Aim of the exercise
Lower down are entries containing pictures. Copy exactly, without those pictures, the lines from the line with "Indoor Outdoor 40" through the line with "Goyard Saint Louis PM Leather Tote Navy".

Task data
++++++++
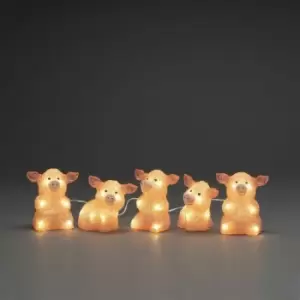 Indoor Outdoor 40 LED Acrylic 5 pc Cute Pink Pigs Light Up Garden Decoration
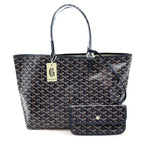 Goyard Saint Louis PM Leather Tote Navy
++++++++
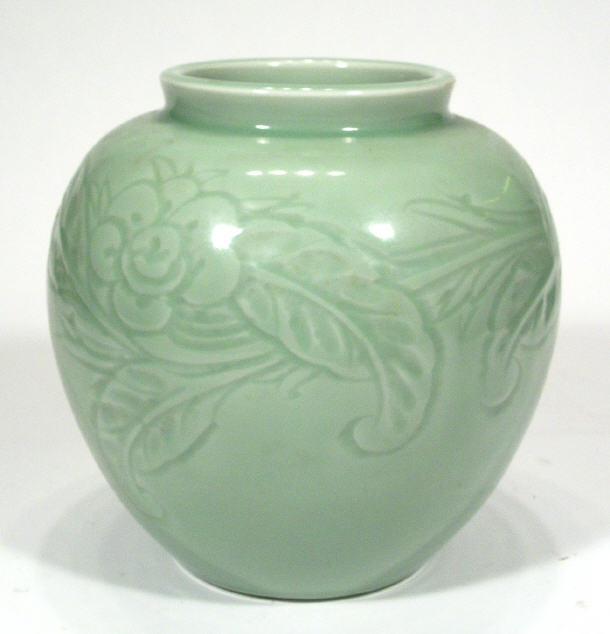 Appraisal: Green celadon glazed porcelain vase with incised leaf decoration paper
++++++++
Response to the exercise
 Indoor Outdoor 40 LED Acrylic 5 pc Cute Pink Pigs Light Up Garden Decoration
 Goyard Saint Louis PM Leather Tote Navy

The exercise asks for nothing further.